This is an exercise that I'm doing.
Let $\epsilon > 0$ and $d > 0$ be fixed. Prove that for $k \geq 2$, if $d \geq (1 + \epsilon)2k(\text{log} k + 1)$, then, $\lim\limits_{n \to \infty} \mathbb{P}\left[\text{G}\left(n,\frac{d}{n}\right) \text{ is $k$-colorable} \right] \to 0$.
I'm not sure I understand the statement. Wouldn't it be the case that as $n \to \infty$, $\frac{d}{n} \to 0$, the graph becomes more sparse, and thus easier to be properly $k$-colored? I'd like some hint if possible.

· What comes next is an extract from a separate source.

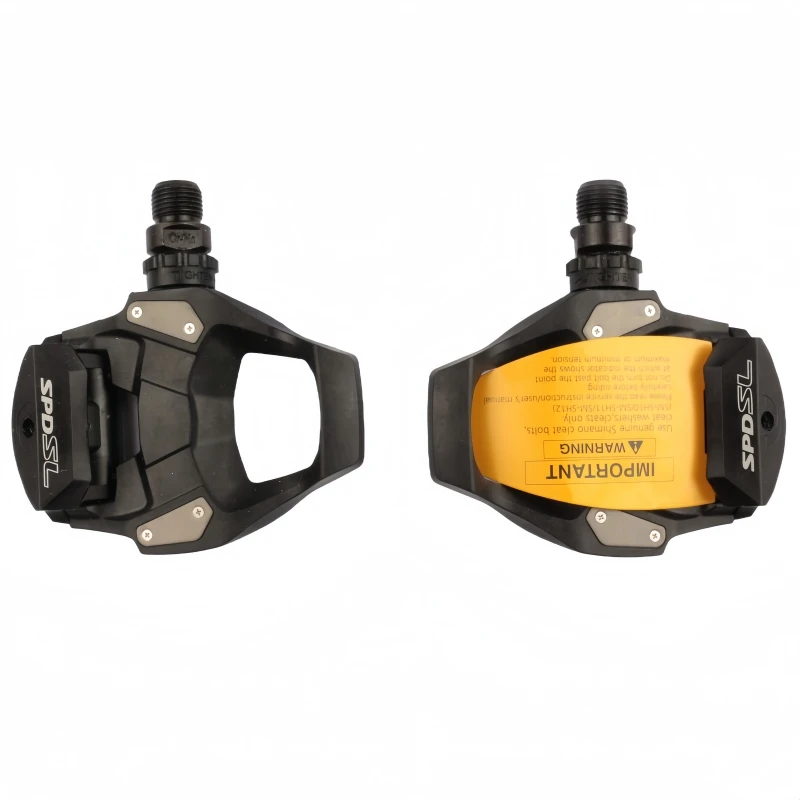 Shimano PD-RS500 Pedals With SM-SH11 Cleats SPD Self-Locking Pedal Road Bike Pedal Original Boxed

Whether the graph becomes "more sparse" or not is a question of how you measure sparseness; certainly the fraction $\frac{\text{total edges}}{\text{possible edges}}$ goes to $0$, but on the other hand, the average degree remains fixed at $d$. (Well, almost; if we were pickier, we'd set the edge probability to $\frac{d}{n-1}$, but asymptotically that's the same.)
The reason that the random graph has high chromatic number is the lower bound $$\chi(G) \ge \frac{n}{\alpha(G)}$$ which comes from the fact that every color class is an independent set, and therefore contains at most $\alpha(G)$ vertices. To color all $n$ vertices, we need at least $\frac{n}{\alpha(G)}$ colors.
Show that with high probability, $G(n, \frac dn)$ has no independent set of size $\frac nk$, and you'll have shown that with high probability, it's not $k$-colorable.